» Online Trading
Online trading is the process of buying and selling financial securities, commodities and currencies through the Internet. In order to trade online, investors need to exercise patience and use the right proprietary softwares provided by various brokers.
How to Trade Online
In online trading, orders are implemented with the help of online trading platforms offered by various brokers. Investors place the orders directly on a broker’s site. The broker executes the orders on the stock exchange and makes payments on behalf of his clients. Brokers also provide their clients with market data, news and charts through their online platforms. This is done to help them in taking informed decisions. They charge software usage fees and trading commissions for their services. An investor can trade in more than one product or market through the same account and software.

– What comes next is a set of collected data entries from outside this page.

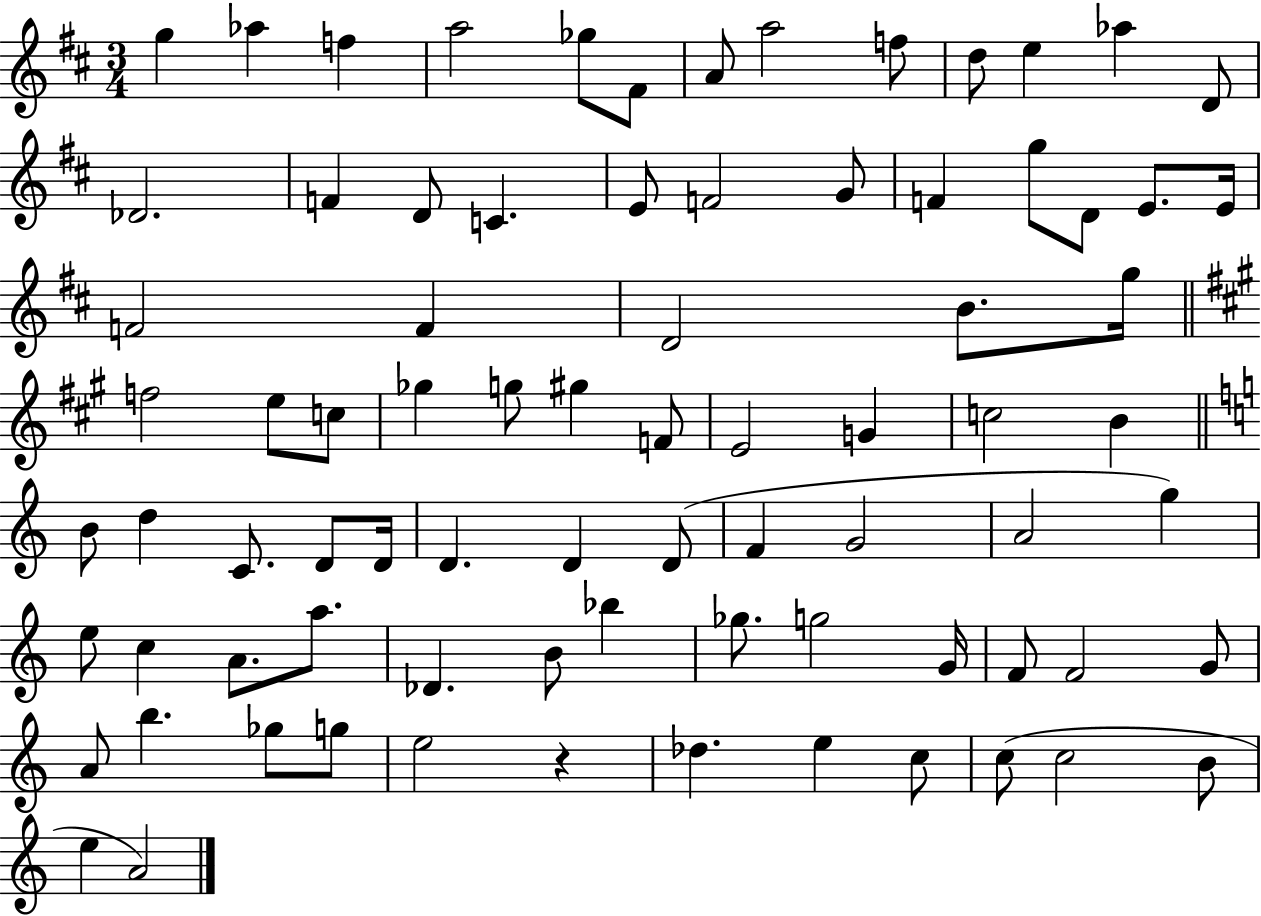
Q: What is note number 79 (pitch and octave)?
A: A4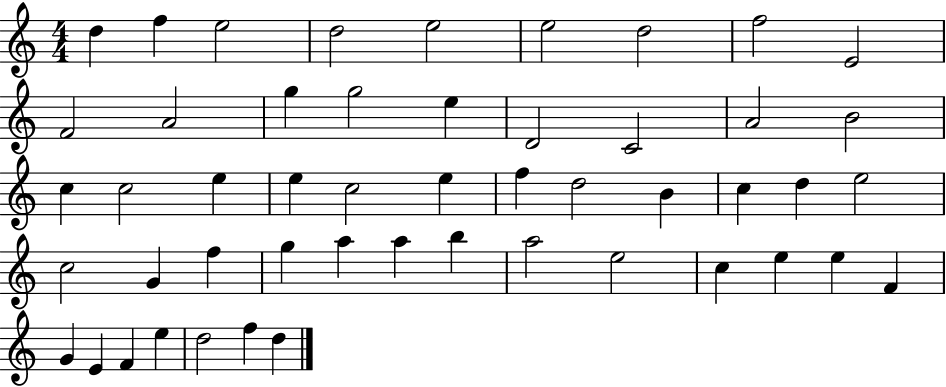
X:1
T:Untitled
M:4/4
L:1/4
K:C
d f e2 d2 e2 e2 d2 f2 E2 F2 A2 g g2 e D2 C2 A2 B2 c c2 e e c2 e f d2 B c d e2 c2 G f g a a b a2 e2 c e e F G E F e d2 f d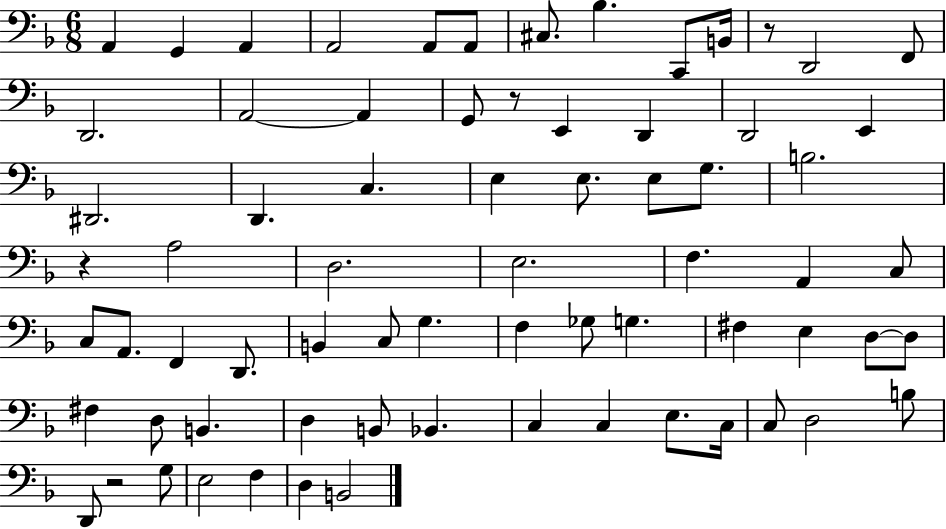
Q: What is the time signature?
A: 6/8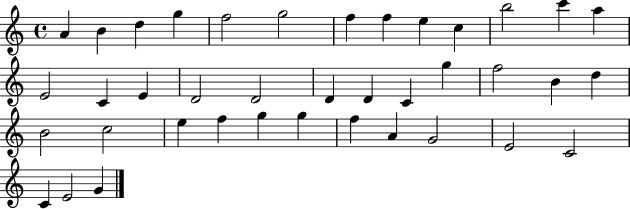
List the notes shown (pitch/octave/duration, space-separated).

A4/q B4/q D5/q G5/q F5/h G5/h F5/q F5/q E5/q C5/q B5/h C6/q A5/q E4/h C4/q E4/q D4/h D4/h D4/q D4/q C4/q G5/q F5/h B4/q D5/q B4/h C5/h E5/q F5/q G5/q G5/q F5/q A4/q G4/h E4/h C4/h C4/q E4/h G4/q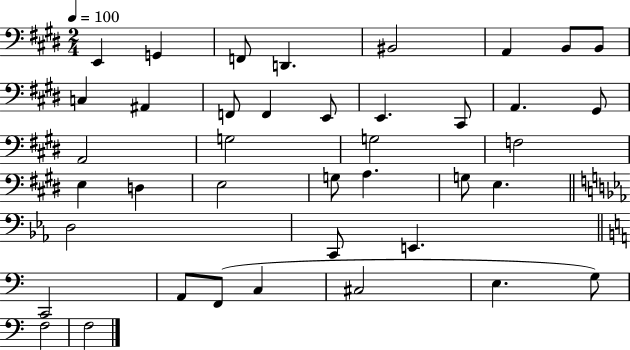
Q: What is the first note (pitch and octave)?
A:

Benefits of Online Trading
- Transparency: Online traders have complete information from the time of order placement till the final settlement. Every stage of online trading is subject to scrutiny, as this provides transparency to the trading process.
- Best prices: Investors can get the best quotes for securities due to high transparency in the system.
- Added convenience and liquidity: Online trading can be carried out anytime during business hours. This provides liquidity to investors.
- Low commissions: Investors can make transactions frequently, without worrying about the burden of commissions. This makes day trading and short-term trading more feasible.
Dangers of Online Trading
- Technology problems: This includes delays in transactions due to Internet connection outages or power failures.
- A mentor’s absence: Lack of guidance from an experienced broker may lead to formulation of improper trading strategies, resulting in huge losses.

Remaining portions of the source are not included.